I question what you mean by "untried faculties." I certainly do wonder, from time to time, whether I could get away with a bank robbery; but I have no desire to put the relevant faculties to the test. If you're talking just about intellectual faculties, then I don't see how you should need to attempt a given action in order to accept, beyond a reasonable doubt, that its consequences will be negative or positive. Certainly we can all accept that murder is wrong without having to prove it to ourselves experimentally? Experimentation is useful to discernment in areas that are morally gray, of course; although the rigorous application of logic will reveal that the morally gray area is smaller than it's often taken to be.
Doesn't this happen inevitably? Or at least we all act, if not as the things we truly are, then as the things that we believe ourselves to be.
Of course! I've been saying, "Do good!" And I've been saying, "Don't do evil as a means to good!" Bear in mind that, interference or non-interference by the good aside, evil succeeds by convincing people that it will have a good outcome. The Nazis didn't become mass-murderers for the sake of murder, but as a means to a hypothesized glorious future.
Your logic argument should apply to the mob example of prohibition as well... right? Oh woops.
The fact is that when legalized big business takes over, the drug cartels could never possibly compete if their drugs were legalized. You don't think the second cocaine became legal the cigarette companies would jump on the cocaine producing bandwagon?
Yes, I am saying the cartels would be non-existent in their current form if their drugs were legalized. The big moral dilemma of all the murder/crime/etc would be pointless and unneeded. You don't see these issues with alcohol and tobacco, but you WOULD if they were illegal.
- Enslaught
The assassin hit the nail on the head with a loud ping. Making something illegal creates criminals where there should be none, or at least, few. I blame the guvment. Does that make anyone who voted for these law makers/enforcers guilty too. Boy, what a vicious cycle....

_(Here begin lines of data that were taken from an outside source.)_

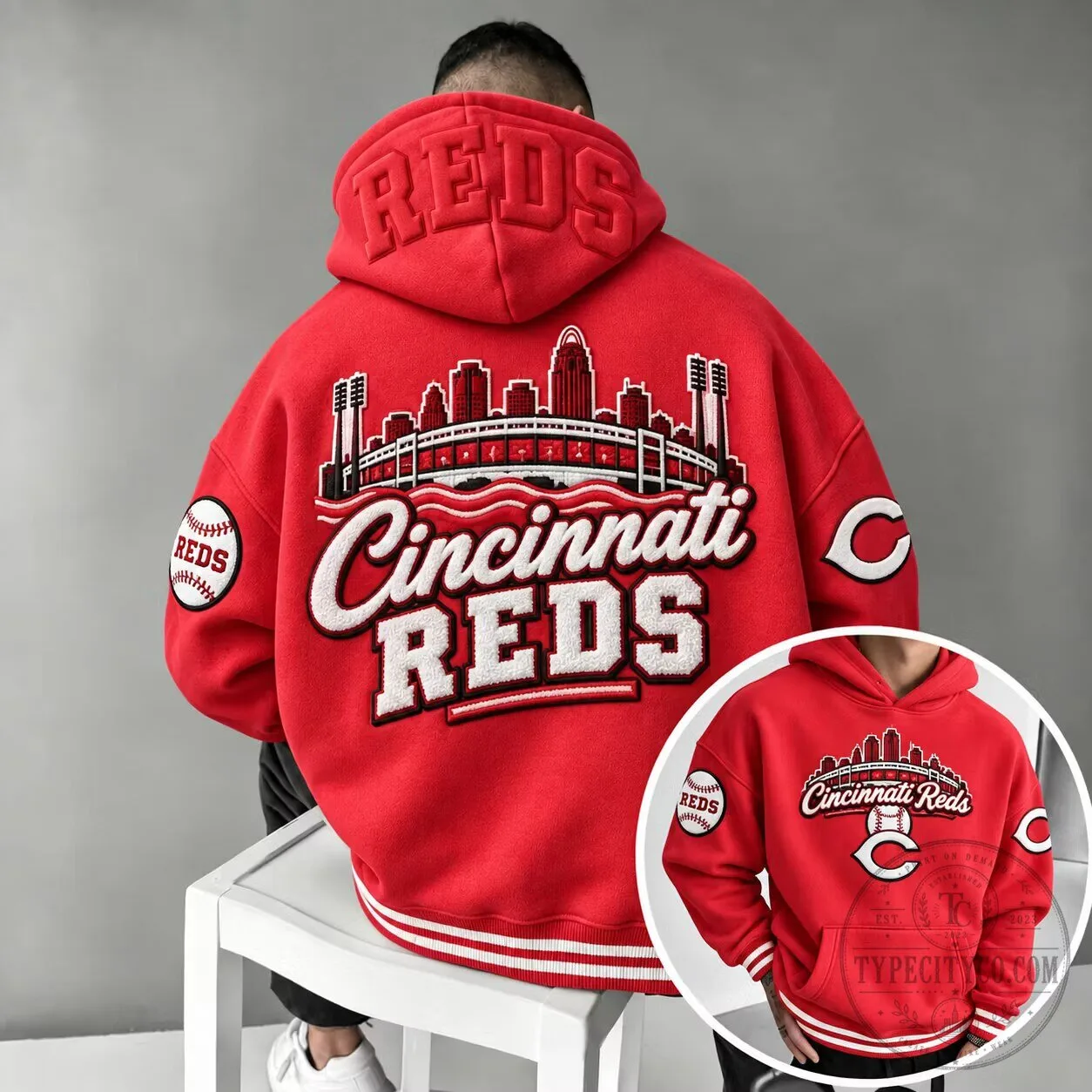Cincinnati Reds Baseball Team Skyline Red Hoodie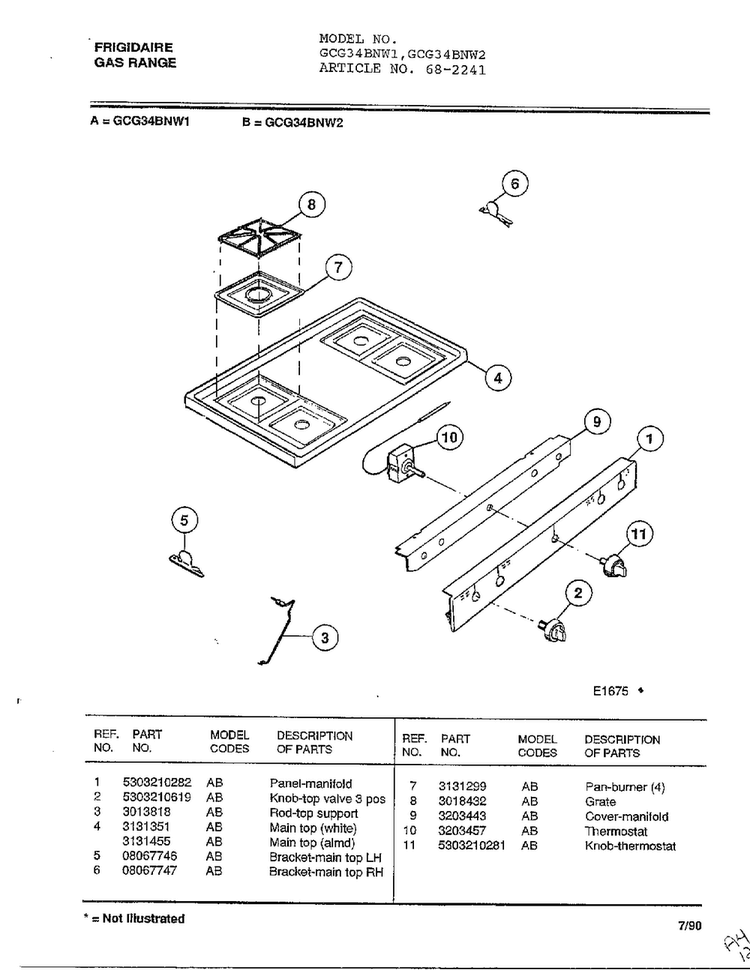 Frigidaire Gas Range Page 2 Diagram and Parts List for 2241  Frigidaire Range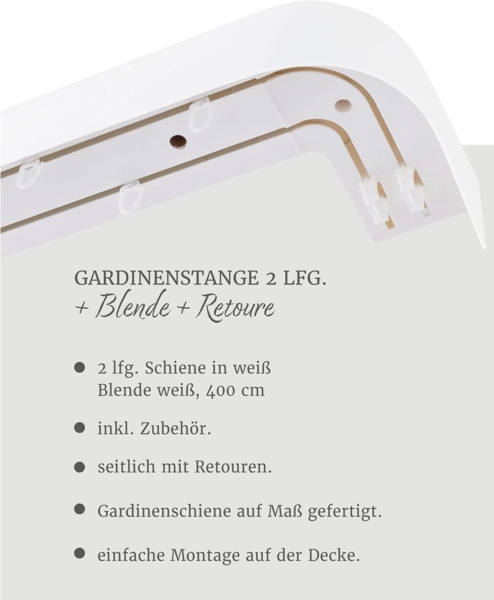 GARESA Schienensystem Kunststoffschiene mit Blende, 2-läufig, Wunschmaßlänge, mit Bohren, verschraubt, Kunststoff, seitlich mit 2 Rundbögen (kein Spalt zwischen Vorhang und Wand) Bild 3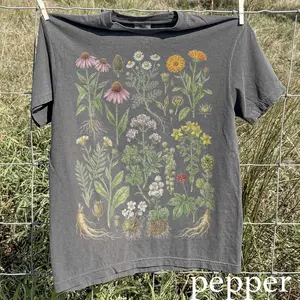 Vintage Meadow Flowers Graphic T-Shirt, Botanical Cottagecore Tee, Floral Nature Shirt AER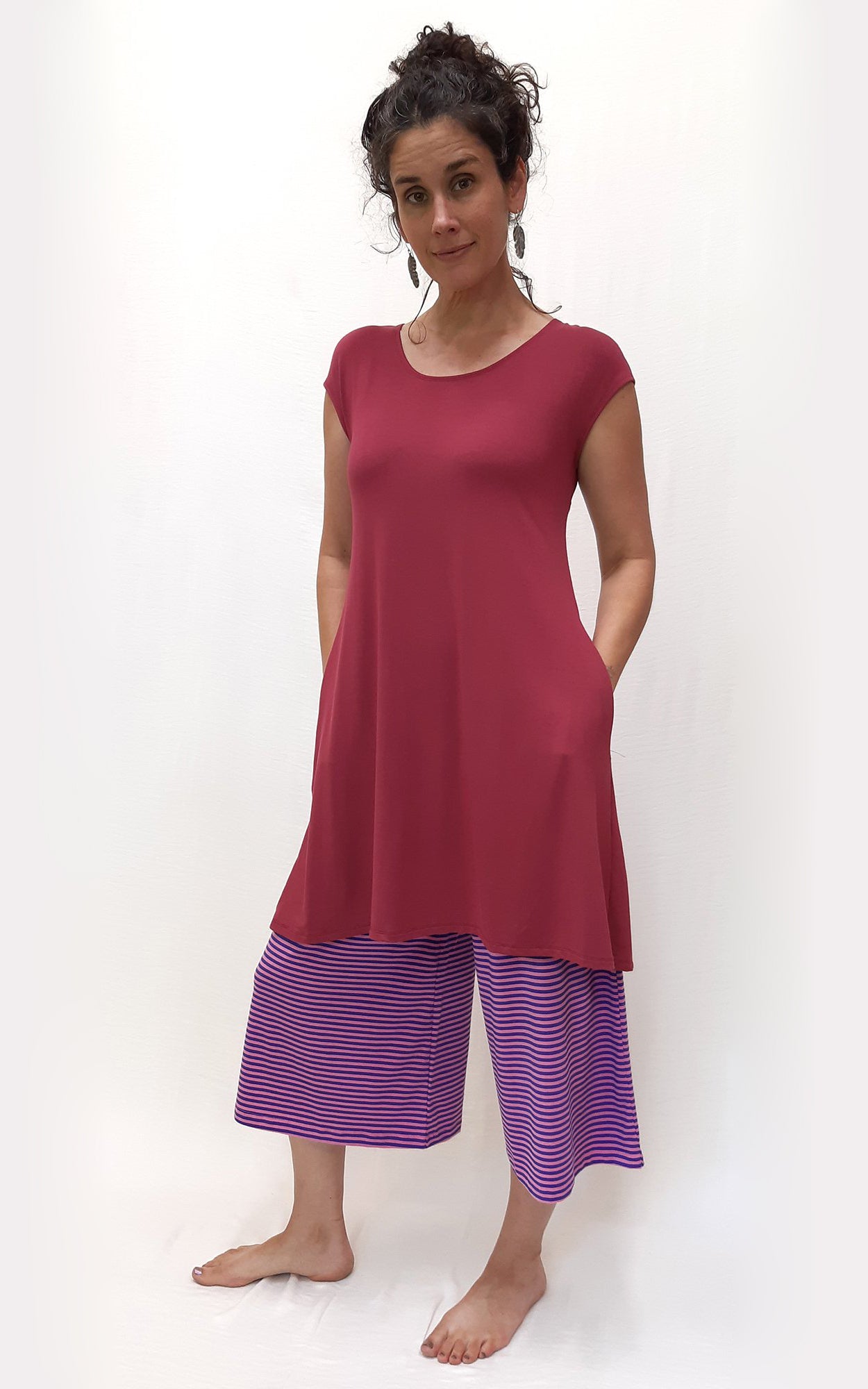 Bamboo Cap Sleeve Tunic w/Pockets Wine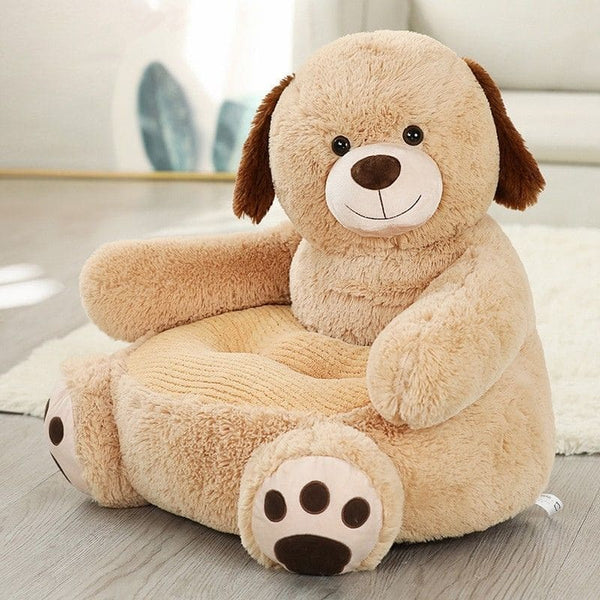 Fauteuil Bébé Animaux chien beige à grandes oreilles, sur sol bois clair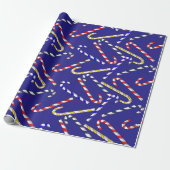 Candy Cane Christmas Blue Geschenkpapier (Ungerollt)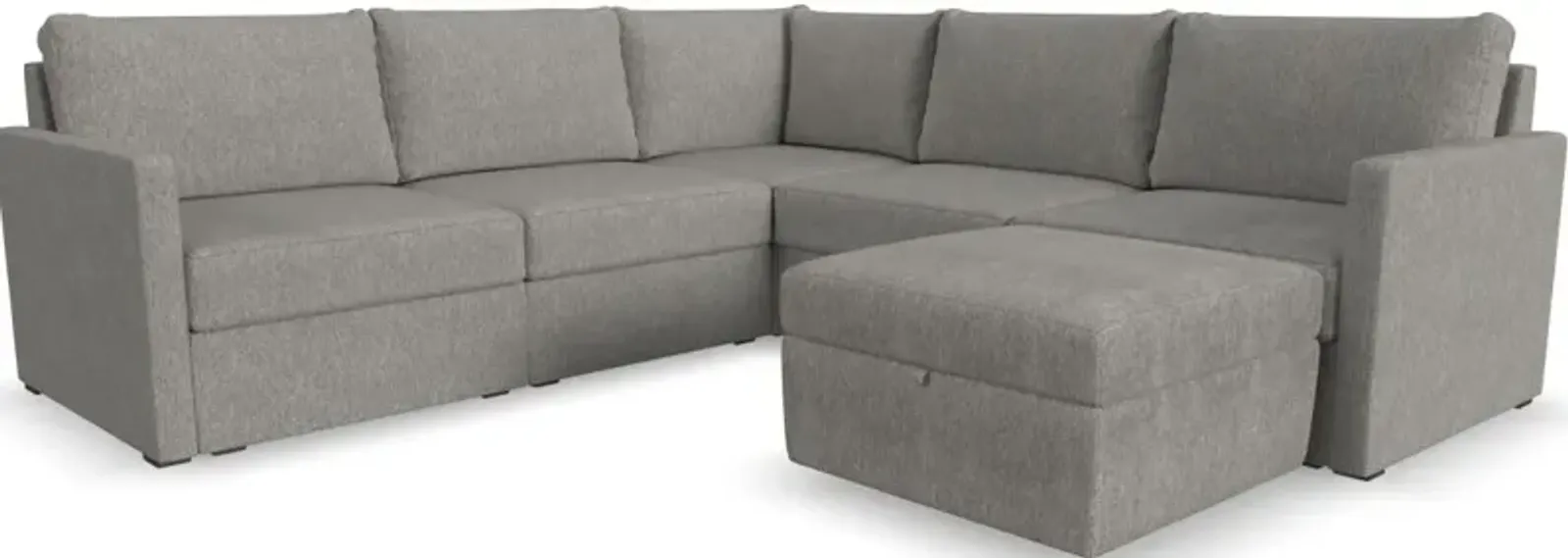 Flex by Flexsteel® 5-Piece Gray 5-Seat Sectional with Storage Ottoman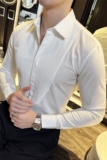 塔士多礼服衬衫新郎结婚长袖衬衫男拼接设计感衬衣白色C6642-P73，男装衬衫，电商A213
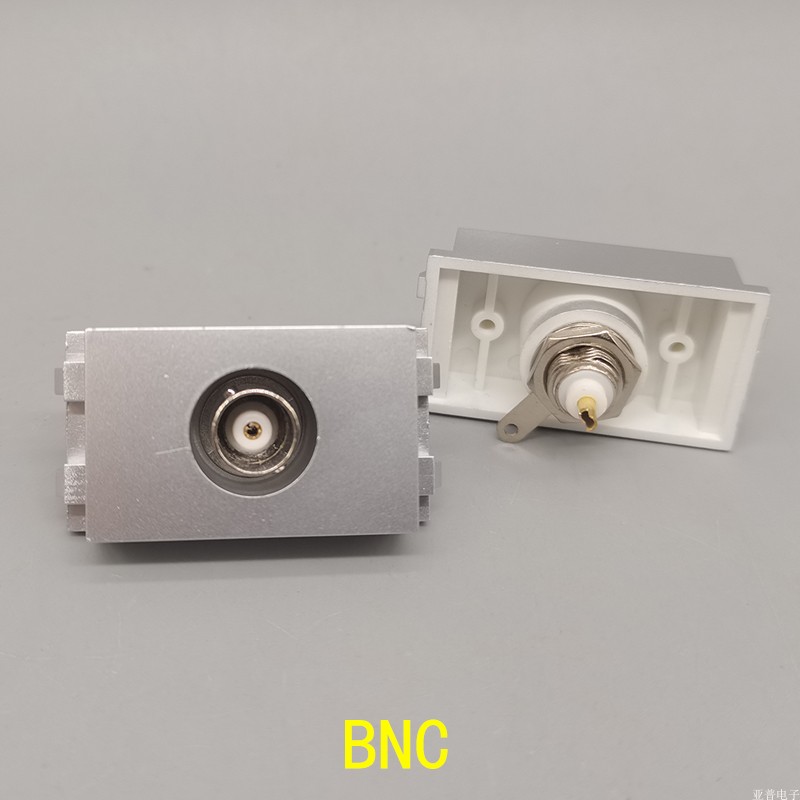 银灰色BNC监控模块插座监控摄像模块Q9银色地插模块128型焊接模块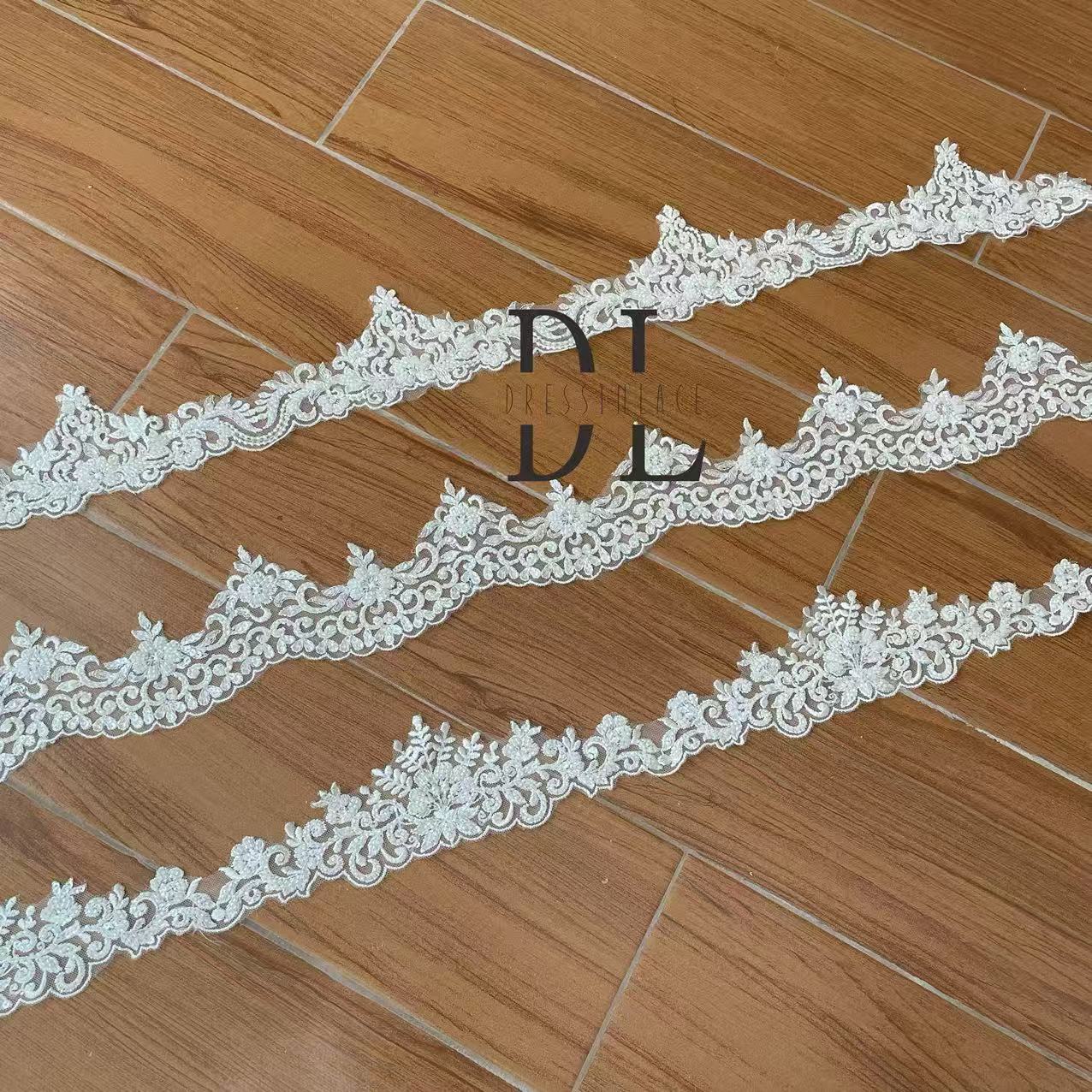 DLXX85272 & DLX09274 & DLX75281 Beading Lace Trims for fashion clothes, bridal dresses, wedding veils accessories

To return to the point at hand, if you yourself stopped buying drugs nothing would stop. It is indeed the fault of society itself. As long as we live in a society where drugs are used by people --which it will be forever-- then drugs become profitable.
When profit is to be made it always will. Are you doing something immoral? Yes. Will stopping it do any good? No.
On the topic of legalizing drugs that will only shift drugs from criminals to big corporations who are often times worse than criminals. Don't think chains like Marlbaro are any better than criminals. Sure their methods are different but it still promotes similar travesties in the world.